____ Provided material

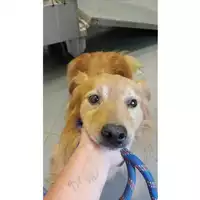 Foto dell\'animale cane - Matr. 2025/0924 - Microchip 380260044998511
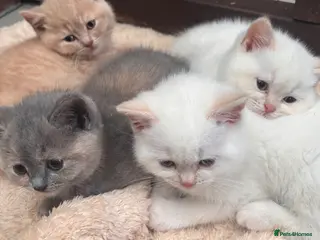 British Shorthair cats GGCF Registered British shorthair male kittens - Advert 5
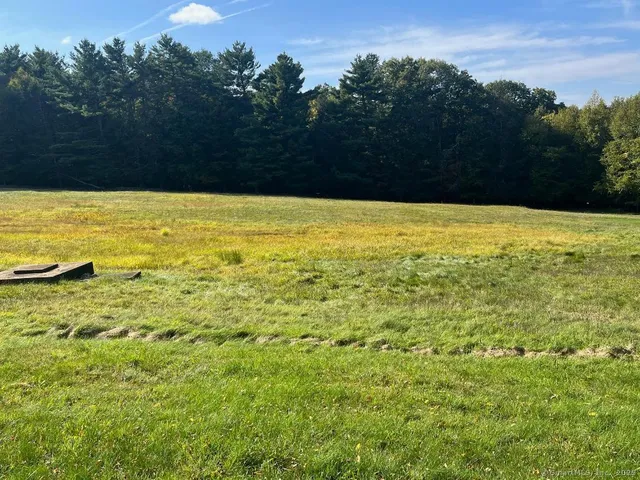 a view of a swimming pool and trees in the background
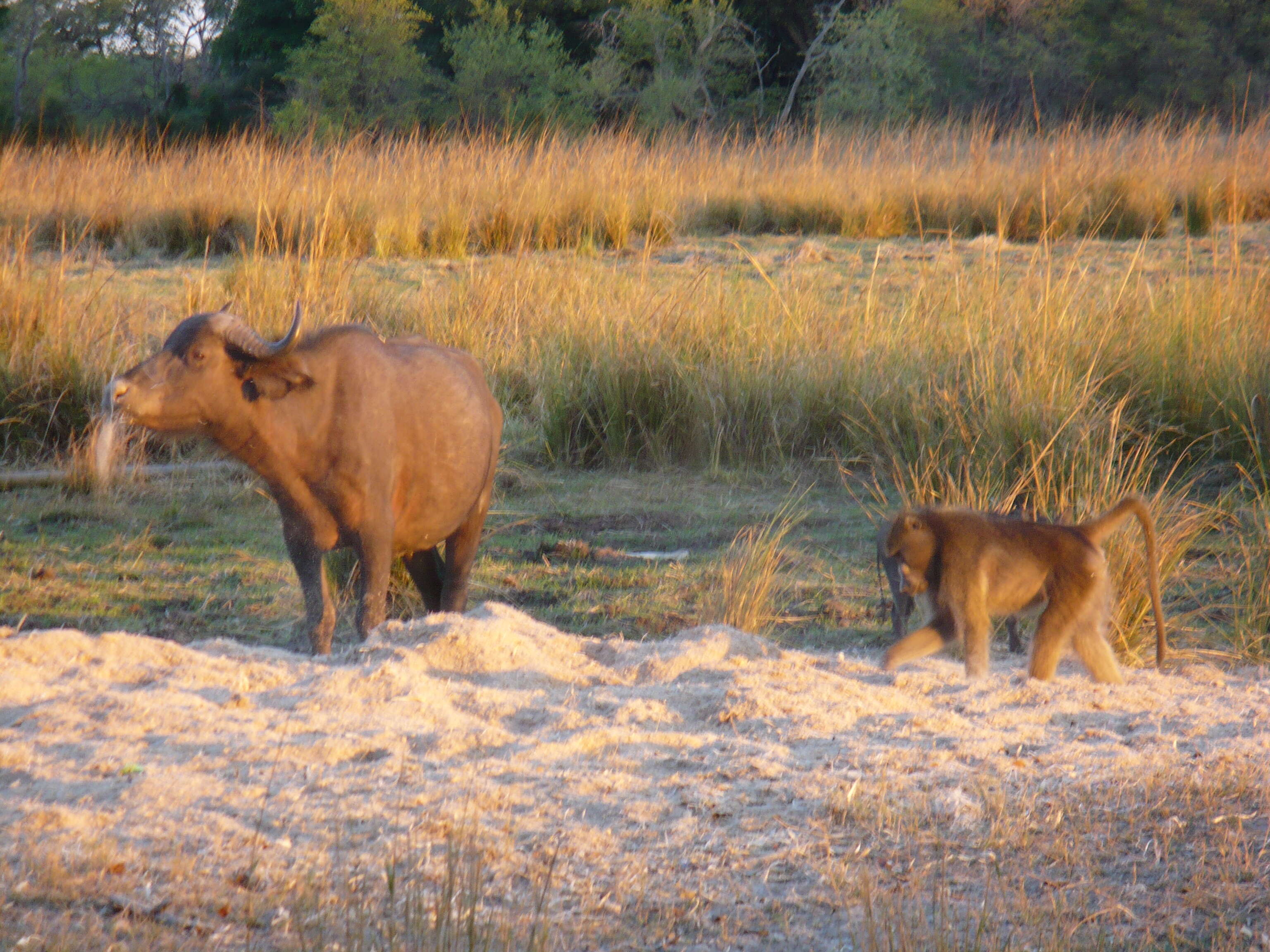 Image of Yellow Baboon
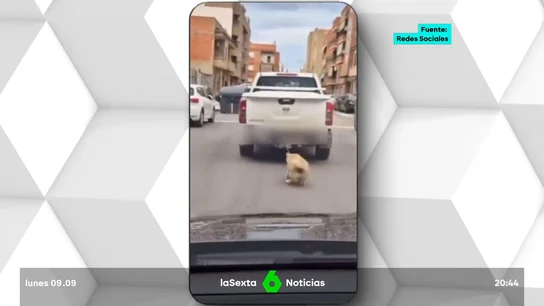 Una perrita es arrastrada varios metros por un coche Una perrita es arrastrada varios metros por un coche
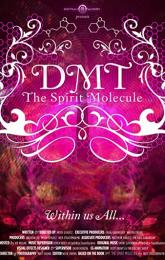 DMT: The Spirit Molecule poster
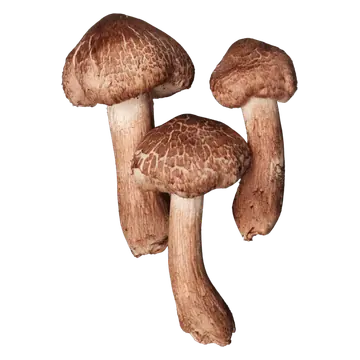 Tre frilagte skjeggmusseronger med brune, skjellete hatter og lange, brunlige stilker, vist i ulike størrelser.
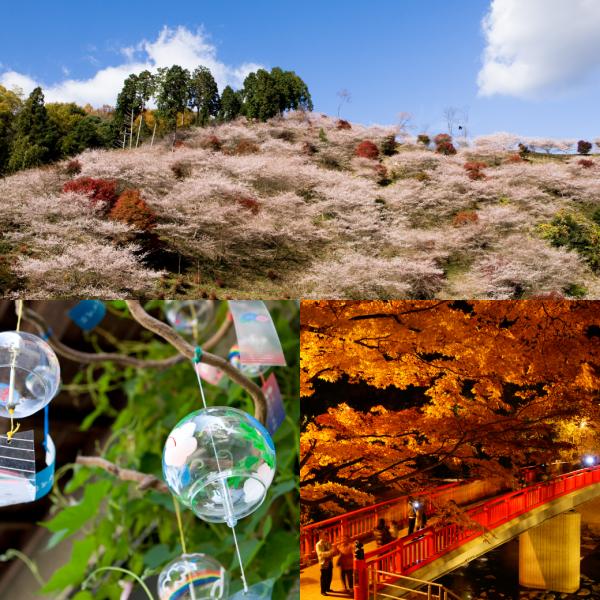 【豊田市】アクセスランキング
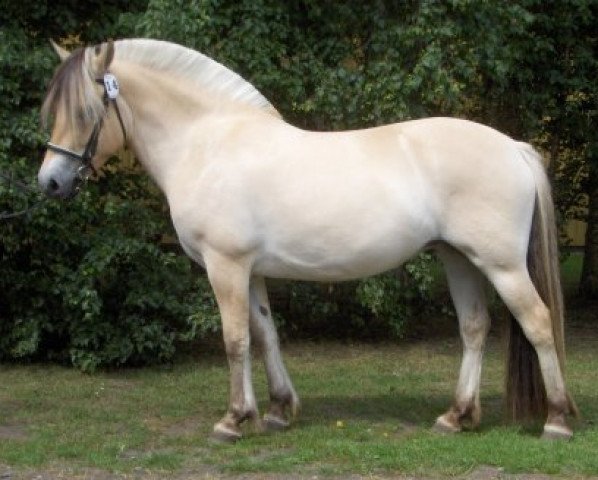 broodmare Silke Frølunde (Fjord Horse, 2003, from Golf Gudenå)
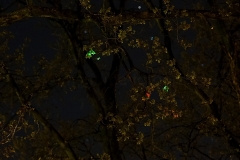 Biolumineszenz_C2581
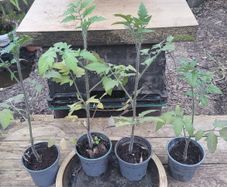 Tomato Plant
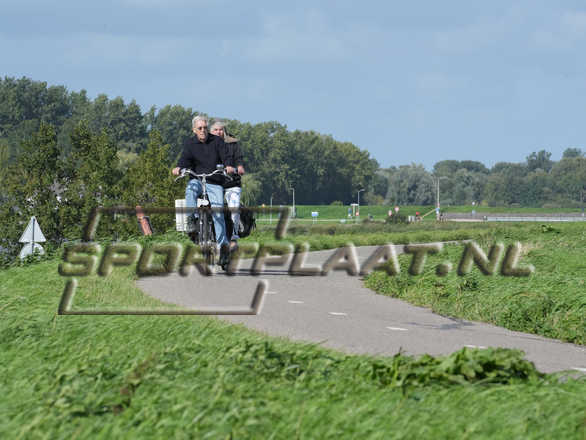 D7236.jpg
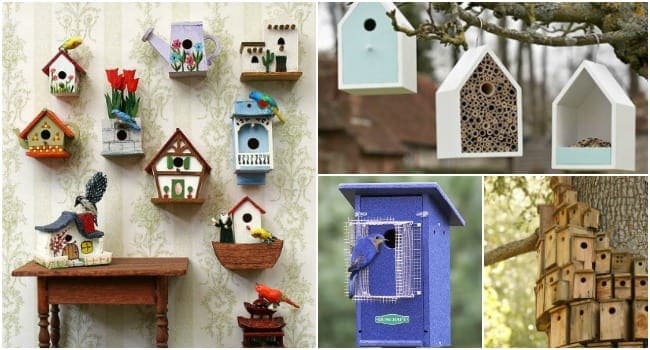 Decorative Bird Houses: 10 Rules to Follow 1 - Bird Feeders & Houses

________

_Instructions for the task_
The lines to restate word for word run from the line that contains "Biolumineszenz_C2581" through the end of the entries above, both ends included. Leave out all pictures and write nothing else.

_Result below_
 Biolumineszenz_C2581
 Tomato Plant
 D7236.jpg
 Decorative Bird Houses: 10 Rules to Follow 1 - Bird Feeders & Houses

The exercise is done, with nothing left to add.